New functions: OnCompleteGPU, OnStartGPU and OnStartCPU

Previously, an OnComplete callback would be called by the engine worker right after executing the op function. Its main purpose was to set the data dependency. This PR adds a new OnComplete overrides and another callback type, the on
3 new hooks were added:

  • OnCompleteGPU. The existing OnComplete callback has new a new version, the OnCompleteGPU. This functions captures the kernels scheduled on the stream in an event, and assigns it to the SyncObject of each variable.

  • OnStartGPU: this hook is called before GPU op functions and will iterate through all the events of variables read and written by the function. It calls cudaStreamWaitEvent to guarantee that all the needed variables will be ready before the current function's kernels are scheduled.

  • OnStartCPU: this hook acts similarly as the previous one, but it is called before GPU op functions and it uses host-device synchronisation with cudaEventSynchronize.

These changes result in a new signature for the Engine's async function:
Before:

  typedef std::function<void(RunContext, CallbackOnStart, CallbackOnComplete)> AsyncFn;

After:

  typedef std::function<void(RunContext, CallbackOnStart)> AsyncFn;

CUDAEventPool

The events are managed by a CUDAEventPool that contains a counter. This is needed both for performance and to track the event order.
In the ThreadedEnginePerDevice, there is one pool per worker. In the ThreadedEnginePooled, there is a one ThreadedEnginePooled per stream, owned by the stream manager.

Pooled allocator

The PooledStorageManager is also aware of the sync objects in order to recycle them with the data Chunk. The free function now also recycles the SyncObject, which can be later synchronized at alloc time.

WaitAll, WaitToRead and WaitToWrite updated

The NDArray synchronisation method WaitAll, WaitToRead and WaitToWrite now call cudaEventSynchronize to guarantee that the GPU data is ready.

TODO:

  • Re-enable the byteps test, once byteps is updated

Co-author: @ptrendx

@Kh4L Kh4L requested a review from eric-haibin-lin as a code owner June 4, 2021 08:05
@mxnet-bot
Copy link

Hey @Kh4L , Thanks for submitting the PR
All tests are already queued to run once. If tests fail, you can trigger one or more tests again with the following commands:

  • To trigger all jobs: @mxnet-bot run ci [all]
  • To trigger specific jobs: @mxnet-bot run ci [job1, job2]

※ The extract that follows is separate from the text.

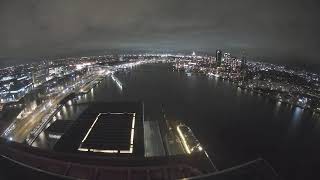 River IJ and Amsterdam Centraal Station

CI supported jobs: [unix-cpu, centos-gpu, sanity, windows-cpu, miscellaneous, centos-cpu, unix-gpu, windows-gpu, edge, website, clang]


Note:
Only following 3 categories can trigger CI :PR Author, MXNet Committer, Jenkins Admin.
All CI tests must pass before the PR can be merged.

@Kh4L
Copy link
Contributor Author

Kh4L commented Jun 14, 2021

@mxnet-bot run ci [centos-cpu, centos-gpu, edge, unix-cpu, unix-gpu, windows-gpu]

@mxnet-bot
Copy link

Jenkins CI successfully triggered : [unix-cpu, windows-gpu, edge, unix-gpu, centos-gpu, centos-cpu]

@TristonC
Copy link
Contributor

@szha @sandeep-krishnamurthy Do you have someone in your team or elsewhere for a code review?

@szha
Copy link
Member

szha commented Jun 22, 2021

I plan to take a closer look this week. could @ptrendx also take a look?

@ptrendx ptrendx self-requested a review June 25, 2021 05:21
include/mxnet/base.h Outdated Show resolved Hide resolved
*/
bool is_bulk;
void *event_pool = nullptr;
Copy link
Member

Choose a reason for hiding this comment

The reason will be displayed to describe this comment to others. Learn more.

Leaving this comment here just as a way to explain why the is_bulk is removed. is_bulk was a way to mark operations as not needing synchronization when being a part of a single engine bulk. This PR moves the handling of the synchronization to the engine itself, so this is no longer useful.

@ptrendx
Copy link
Member

ptrendx commented Jun 25, 2021

I will review this PR next week.

@Kh4L Kh4L changed the title [WIP] Add async GPU depency Engine [WIP] Add async GPU dependency Engine Jun 29, 2021
@Kh4L Kh4L force-pushed the new_dep_engine branch from 31a7610 to 8c1fbd7 Compare June 30, 2021 01:11

void ThreadedEngine::OnStartCPU(Engine *engine, void *opr_block,
const dmlc::Error* error) {
static bool use_new_dep_engine = dmlc::GetEnv("MXNET_ASYNC_GPU_ENGINE", false);
Copy link
Member

Choose a reason for hiding this comment

The reason will be displayed to describe this comment to others. Learn more.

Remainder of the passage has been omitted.